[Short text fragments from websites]
++++++++++

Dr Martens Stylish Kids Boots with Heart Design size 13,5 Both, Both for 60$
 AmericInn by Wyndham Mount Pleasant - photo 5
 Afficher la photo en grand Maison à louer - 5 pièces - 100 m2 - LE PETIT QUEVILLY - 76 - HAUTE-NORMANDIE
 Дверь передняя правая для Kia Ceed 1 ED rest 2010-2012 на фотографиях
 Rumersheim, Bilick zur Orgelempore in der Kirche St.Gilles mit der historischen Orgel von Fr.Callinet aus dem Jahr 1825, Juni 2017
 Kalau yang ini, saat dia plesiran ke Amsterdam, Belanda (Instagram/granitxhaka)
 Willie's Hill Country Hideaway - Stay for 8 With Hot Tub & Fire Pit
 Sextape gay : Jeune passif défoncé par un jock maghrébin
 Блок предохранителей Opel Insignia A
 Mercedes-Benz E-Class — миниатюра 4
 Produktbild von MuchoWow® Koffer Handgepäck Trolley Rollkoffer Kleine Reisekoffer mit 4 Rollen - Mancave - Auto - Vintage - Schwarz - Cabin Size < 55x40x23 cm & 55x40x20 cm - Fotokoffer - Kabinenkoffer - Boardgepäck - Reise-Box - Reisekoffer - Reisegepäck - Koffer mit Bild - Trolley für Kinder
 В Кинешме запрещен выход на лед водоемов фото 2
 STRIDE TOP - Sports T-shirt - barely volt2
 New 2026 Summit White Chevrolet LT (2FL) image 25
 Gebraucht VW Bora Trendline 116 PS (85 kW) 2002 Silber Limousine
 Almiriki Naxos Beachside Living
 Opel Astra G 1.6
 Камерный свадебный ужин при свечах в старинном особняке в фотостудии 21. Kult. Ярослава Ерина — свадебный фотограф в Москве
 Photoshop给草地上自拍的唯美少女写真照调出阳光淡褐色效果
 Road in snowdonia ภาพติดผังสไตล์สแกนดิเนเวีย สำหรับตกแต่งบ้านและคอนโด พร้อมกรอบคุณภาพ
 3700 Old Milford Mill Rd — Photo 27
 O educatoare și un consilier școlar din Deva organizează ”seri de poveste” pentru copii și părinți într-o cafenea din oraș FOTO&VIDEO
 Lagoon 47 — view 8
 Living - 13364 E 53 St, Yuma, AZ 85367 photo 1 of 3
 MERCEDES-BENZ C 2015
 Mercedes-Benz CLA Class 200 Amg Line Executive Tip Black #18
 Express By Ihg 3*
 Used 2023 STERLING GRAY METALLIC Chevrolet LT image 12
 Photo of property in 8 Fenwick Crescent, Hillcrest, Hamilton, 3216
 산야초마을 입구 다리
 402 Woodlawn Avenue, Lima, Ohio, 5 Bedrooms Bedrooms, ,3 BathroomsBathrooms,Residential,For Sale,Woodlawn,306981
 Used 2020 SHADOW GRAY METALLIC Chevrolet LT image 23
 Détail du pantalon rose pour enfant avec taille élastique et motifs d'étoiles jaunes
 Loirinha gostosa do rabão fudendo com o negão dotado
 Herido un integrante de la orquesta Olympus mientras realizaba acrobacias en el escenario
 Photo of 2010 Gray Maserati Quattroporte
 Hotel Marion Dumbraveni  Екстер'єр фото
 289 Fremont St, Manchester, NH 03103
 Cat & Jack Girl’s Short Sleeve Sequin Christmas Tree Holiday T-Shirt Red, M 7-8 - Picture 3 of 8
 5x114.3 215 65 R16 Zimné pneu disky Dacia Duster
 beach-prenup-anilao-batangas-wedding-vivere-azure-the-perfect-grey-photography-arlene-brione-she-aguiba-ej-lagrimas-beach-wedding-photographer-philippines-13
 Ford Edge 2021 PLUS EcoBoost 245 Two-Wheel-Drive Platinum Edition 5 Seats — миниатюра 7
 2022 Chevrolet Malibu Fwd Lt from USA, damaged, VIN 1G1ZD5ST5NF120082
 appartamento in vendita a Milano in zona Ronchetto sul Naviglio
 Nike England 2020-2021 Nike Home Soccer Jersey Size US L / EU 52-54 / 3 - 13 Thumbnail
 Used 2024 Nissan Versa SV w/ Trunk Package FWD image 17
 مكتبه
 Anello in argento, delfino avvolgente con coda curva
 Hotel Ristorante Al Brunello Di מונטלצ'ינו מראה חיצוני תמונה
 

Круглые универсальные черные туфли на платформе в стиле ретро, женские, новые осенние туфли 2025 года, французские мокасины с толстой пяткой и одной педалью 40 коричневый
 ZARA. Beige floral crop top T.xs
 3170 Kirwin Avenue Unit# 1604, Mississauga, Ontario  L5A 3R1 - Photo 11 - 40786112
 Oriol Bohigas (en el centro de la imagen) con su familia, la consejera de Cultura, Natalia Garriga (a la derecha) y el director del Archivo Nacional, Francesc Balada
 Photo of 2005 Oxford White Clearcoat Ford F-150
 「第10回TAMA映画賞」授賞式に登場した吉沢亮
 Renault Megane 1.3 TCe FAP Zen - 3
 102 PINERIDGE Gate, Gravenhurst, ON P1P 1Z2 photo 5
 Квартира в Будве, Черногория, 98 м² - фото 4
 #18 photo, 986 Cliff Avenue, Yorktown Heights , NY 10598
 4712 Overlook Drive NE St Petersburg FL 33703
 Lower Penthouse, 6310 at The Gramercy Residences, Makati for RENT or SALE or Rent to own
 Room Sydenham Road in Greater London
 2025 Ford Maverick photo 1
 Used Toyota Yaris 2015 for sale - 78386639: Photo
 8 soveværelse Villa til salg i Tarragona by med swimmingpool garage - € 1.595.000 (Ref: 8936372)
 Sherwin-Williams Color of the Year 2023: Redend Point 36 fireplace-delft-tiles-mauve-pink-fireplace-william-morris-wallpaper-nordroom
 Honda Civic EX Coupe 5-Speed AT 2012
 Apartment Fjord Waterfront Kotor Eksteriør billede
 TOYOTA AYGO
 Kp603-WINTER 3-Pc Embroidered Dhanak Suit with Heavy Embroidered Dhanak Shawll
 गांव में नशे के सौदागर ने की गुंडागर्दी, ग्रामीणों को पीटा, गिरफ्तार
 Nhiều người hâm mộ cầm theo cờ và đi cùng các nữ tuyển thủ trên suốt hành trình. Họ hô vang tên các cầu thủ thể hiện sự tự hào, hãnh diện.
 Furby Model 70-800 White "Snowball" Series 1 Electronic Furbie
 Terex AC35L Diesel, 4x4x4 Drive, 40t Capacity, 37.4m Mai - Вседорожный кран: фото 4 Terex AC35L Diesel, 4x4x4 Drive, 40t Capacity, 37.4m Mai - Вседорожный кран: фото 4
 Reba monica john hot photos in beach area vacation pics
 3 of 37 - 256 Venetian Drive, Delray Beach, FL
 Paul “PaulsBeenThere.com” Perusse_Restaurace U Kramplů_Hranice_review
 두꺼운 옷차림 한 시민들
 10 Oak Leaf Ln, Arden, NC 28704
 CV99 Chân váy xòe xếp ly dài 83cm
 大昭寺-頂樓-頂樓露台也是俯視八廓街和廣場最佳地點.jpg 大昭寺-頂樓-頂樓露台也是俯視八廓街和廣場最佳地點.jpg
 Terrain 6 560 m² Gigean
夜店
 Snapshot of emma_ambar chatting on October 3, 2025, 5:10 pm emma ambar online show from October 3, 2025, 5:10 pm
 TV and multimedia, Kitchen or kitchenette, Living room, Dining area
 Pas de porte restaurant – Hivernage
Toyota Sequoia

++++++++++

§ **DIRECTIONS**
Only one stretch of the records above is wanted: the lines between the one holding "Willie's Hill Country" and the one holding "Mercedes-Benz E-Class — миниатюра 4", inclusive, reproduced exactly.

§ **FINISHED TASK**
 Willie's Hill Country Hideaway - Stay for 8 With Hot Tub & Fire Pit
 Sextape gay : Jeune passif défoncé par un jock maghrébin
 Блок предохранителей Opel Insignia A
 Mercedes-Benz E-Class — миниатюра 4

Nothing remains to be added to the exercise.